### [Your goal]
Images are to be dropped, and the rest of the data reproduced exactly.

### [Exercise data]

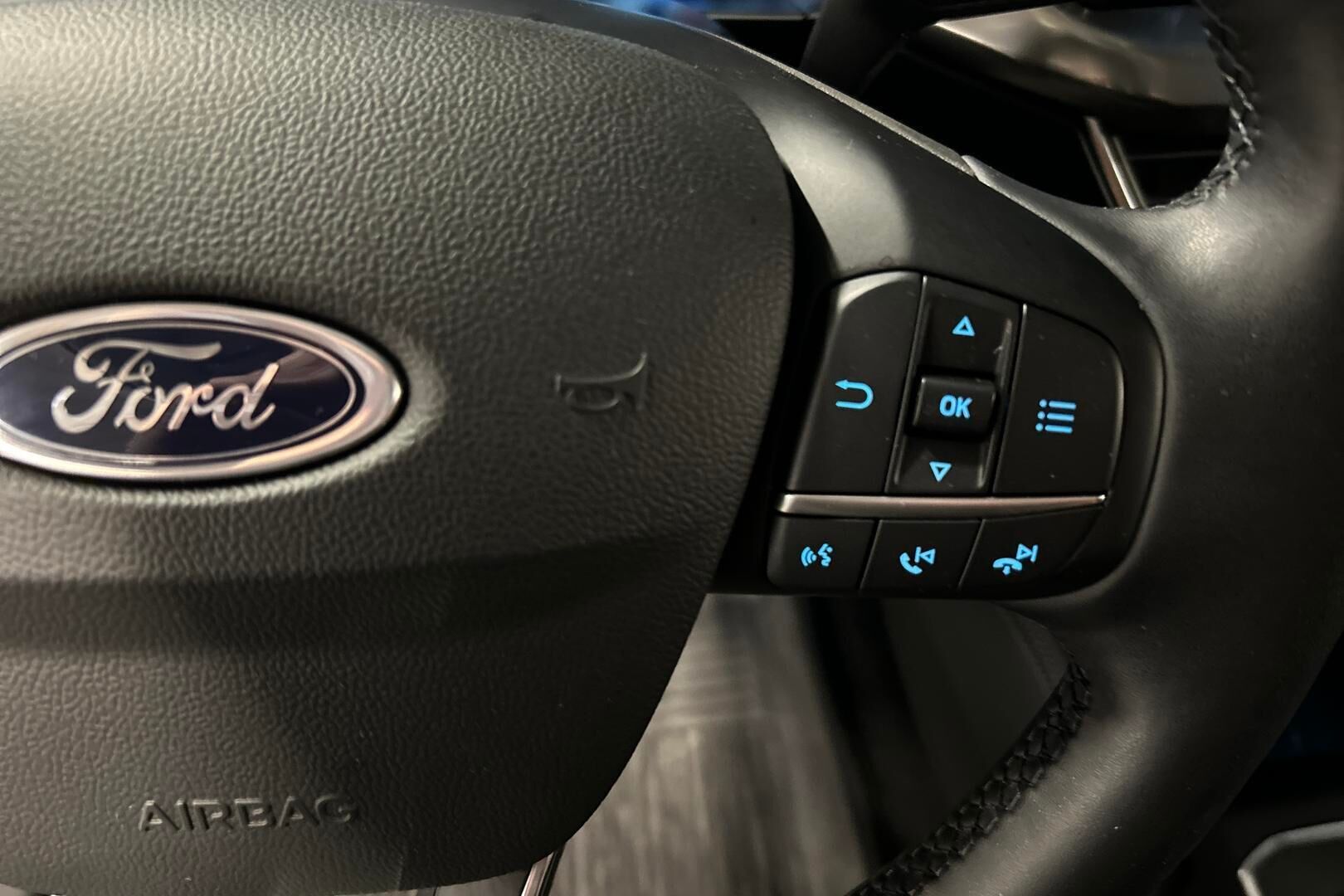Ford Focus iso kuva 11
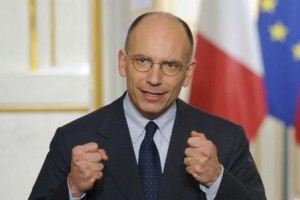 epa03683945 Italian Prime Minister Enrico Letta holds a press conference with French President Francois Hollande (not seen) after their meeting at the Elysee Palace, in Paris, France, 01 May 2013.  EPA/YOAN VALAT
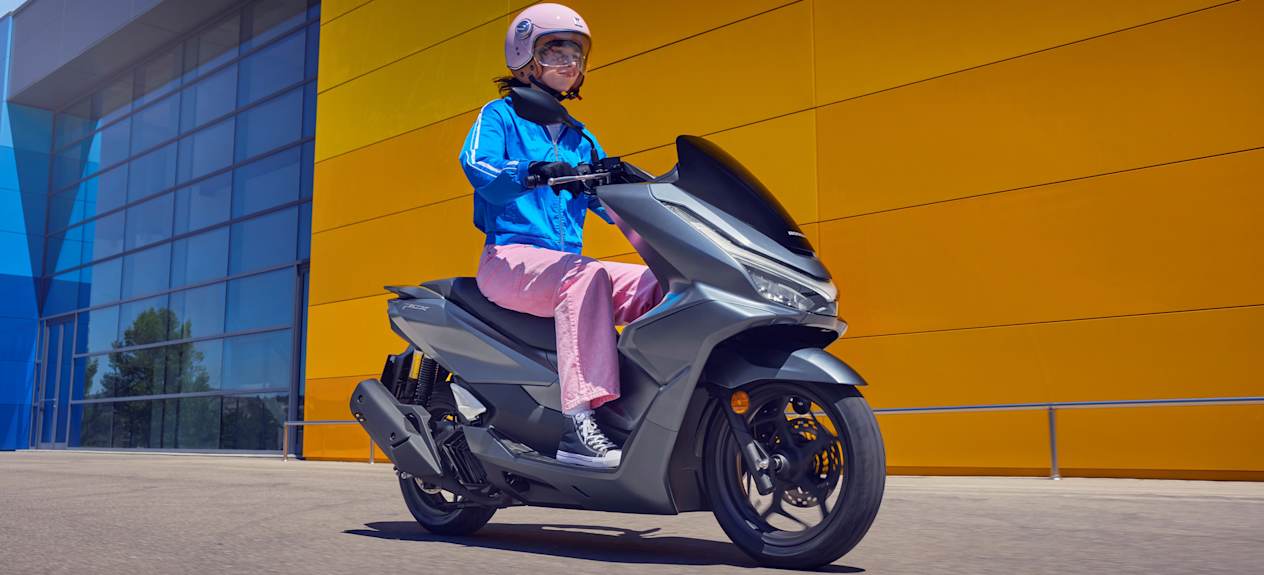 Honda PCX 125 2025 : vue contre plongée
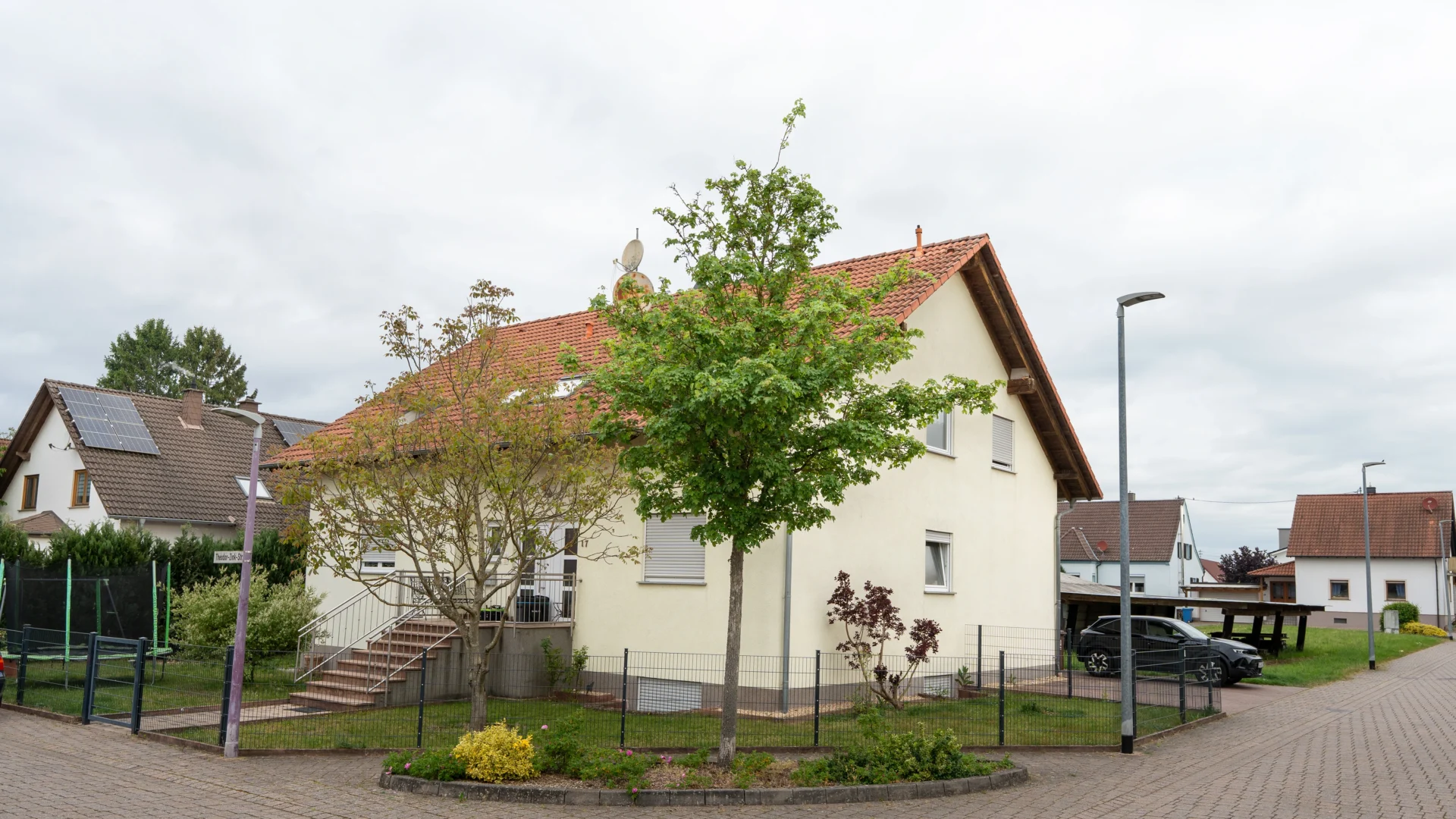 Spacious Furnished Home in Miesau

### [Answer space]
Ford Focus iso kuva 11
 epa03683945 Italian Prime Minister Enrico Letta holds a press conference with French President Francois Hollande (not seen) after their meeting at the Elysee Palace, in Paris, France, 01 May 2013.  EPA/YOAN VALAT
 Honda PCX 125 2025 : vue contre plongée
 Spacious Furnished Home in Miesau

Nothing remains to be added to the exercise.